Lots of articles (like this one) describe the duties of community manager as strengthening the responsiveness of the business to the customer, creating content and analyzing fans’ response to this content, and telling the company story through customers’ stories. These are very worthwhile goals, and building a better relationship between the brand and its customers is something a social business must do — it’s not an option, it’s just how business is. Your community will revolve around content — content that’s created, iterated, discussed by the community and content that originates from the community. But are responsiveness and content community management? I don’t think so, because it mentions nothing of building deep relationships with your customers and helping your customers create these relationships with each other. It mentions nothing of the difficult work of actually increasing intimacy between a group of people driven by passion — warts and all. Social media professionals and community managers are like Venn diagrams — they are hugely overlapping (and the amount of overlap depends on your context), but they aren’t the same or mutually exclusive. Social tools help community managers scale and be more effective, build better communities and even provide conduits between communities. However, you don’t need social media to have a community. Here’s how I view the different roles:

 

1) Social media marketing is using social channels to amplify the marketing message, and smart social media marketers know how to tell a brand story through customer stories. If you have done your work of becoming a more social business —  on the inside and outside — you will have an easier time rallying customers to tell their stories. They may even do it without you prompting.  That being said, you won’t go very far in your marketing efforts if what your customers are actually saying doesn’t resonate with the message you are trying to cultivate. The brilliant social media marketers aren’t heavy-handed; rather, they are facilitators. You need to give your customers an experience worthy of sharing, and help them share it.

2) Social business is about making social a process and building it into various parts of the business (this is the hardest, I think, because it really challenges existing processes and existing culture). You can’t become a social business over night, and the process is truly evolutionary. The object of a social business is to optimize around creating better customer experiences across all the different touchpoints: product itself, marketing, service, sales. It’s about listening first, creating insights with data, acting upon those insights and inviting the customer “into the fold” to figure out the future. It’s also about making your business more nimble and able to move at the speed of business, to become more proactive instead of reactive.

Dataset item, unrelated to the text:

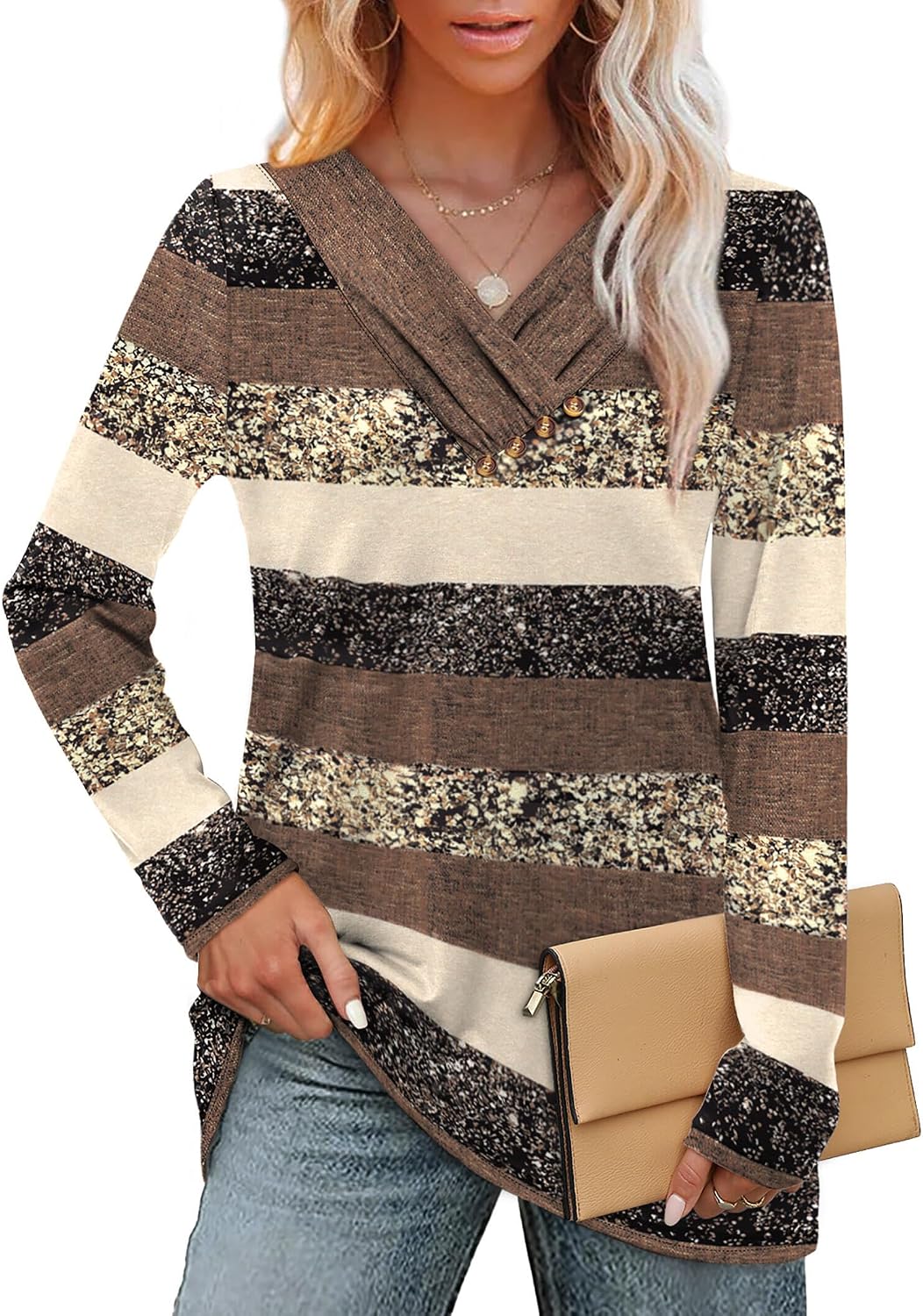 Long Sleeve Shirts for Women Fall Outfits V Neck T Shirts Button Down Tunic Tops Fashion Clothing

3) Community management is about creating collaboration spaces where various groups come together to create something greater than themselves and greater than they would create on their own. It’s about the depth of relationship that you can’t develop through casual interchanges, and it’s grounded in passion and vision. You can certainly create a community by using social tools, and it’s not about the tool as much as it is about its dynamics, its ability to solve problems for its constituents, and the amount of value created together.

From the standpoint of a company-hosted customer community.. At times, I’ve seen conflict between social media marketers and community managers, arising from the messiness that a community brings with it. Communities are made of passion, and passion is unpredictable. That doesn’t mean that a community is synonymous with lawlessness. Community management (the term with which I take issue also) is the difficult and exciting work of figuring out who the members of the community are, what their needs are and what jobs they’ve come to do, and helping the community form and evolve its norms. In the end, a healthy community will generate solutions that will drive all of its members forward — including the company that hosts the customer community. It will also result in great customer stories which can be used for social media marketing, and it will help the company become a social business through listening and working through problems together. See how it all ties together?

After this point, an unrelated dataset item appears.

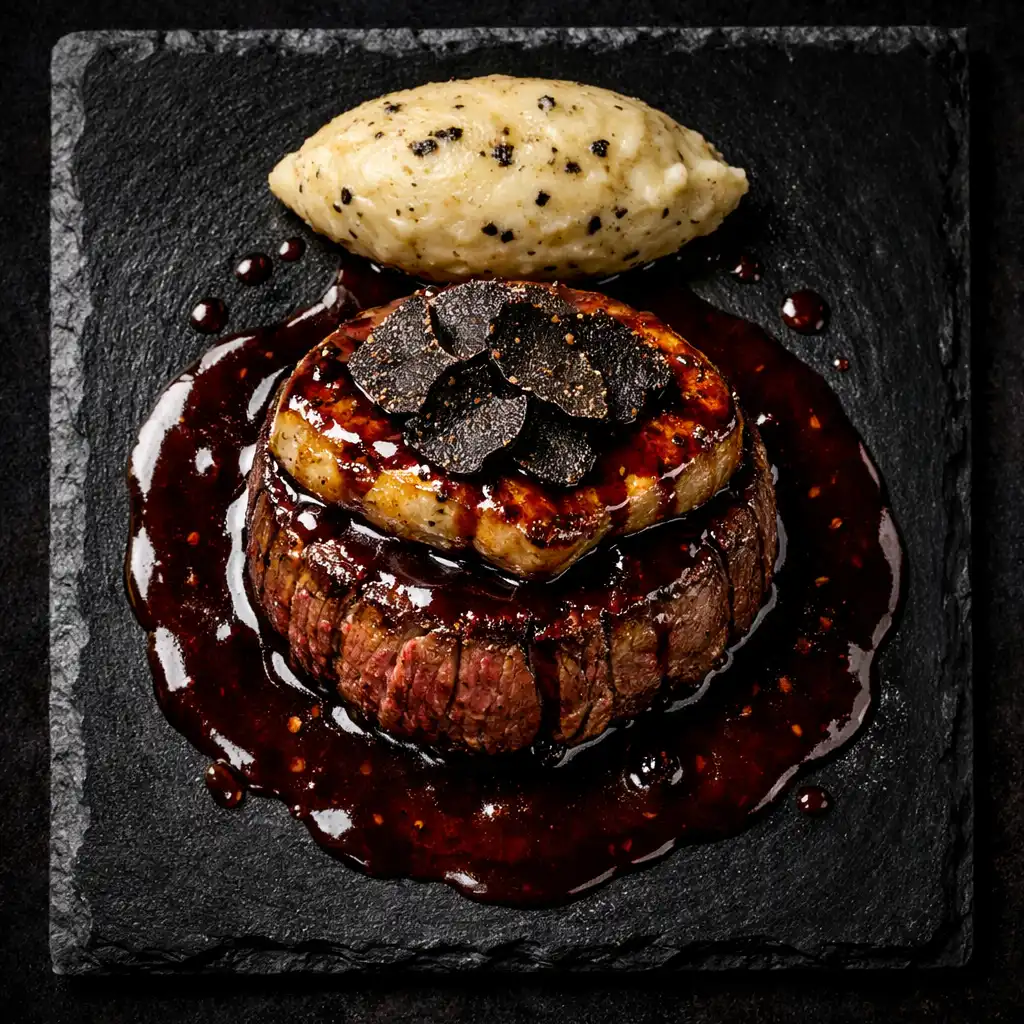 Filet de bœuf Rossini avec foie gras poêlé, truffe noire et sauce au vin rouge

4) Social media itself is not really a job, it’s a set of tools — a pathway for person-to-person communications, which can be for any of the jobs listed above. Saying you are a social media manager is like saying you are a phone or email manager. Ok great, but for what purpose? Personal aside: I want to strike the word media from describing what’s now known as social media. It’s not media at all, and as long as we keep thinking of it as a broadcast, we’ll keep not meeting its full potential.

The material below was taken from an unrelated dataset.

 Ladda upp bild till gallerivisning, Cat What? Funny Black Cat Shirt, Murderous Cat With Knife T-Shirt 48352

I didn’t write this post to split hairs about definitions — anyone who knows me knows that I don’t care what you call something, as long as you actually do it. But words have meaning, and we need to be deliberate in how we use them and transfer this meaning to others. Neither job is better or worse, but they are different, and so are the skills necessary for them. It’s entirely possible that in some companies, social and community are performed by the same person. In my job, I used to do both, and have since transitioned the day-to-day social activities to another employee (although I still oversee processes and internal training and education). I now focus on creating better processes, designing better communities and making sure that all stakeholders — employees and customers — are well supported when they tell their stories.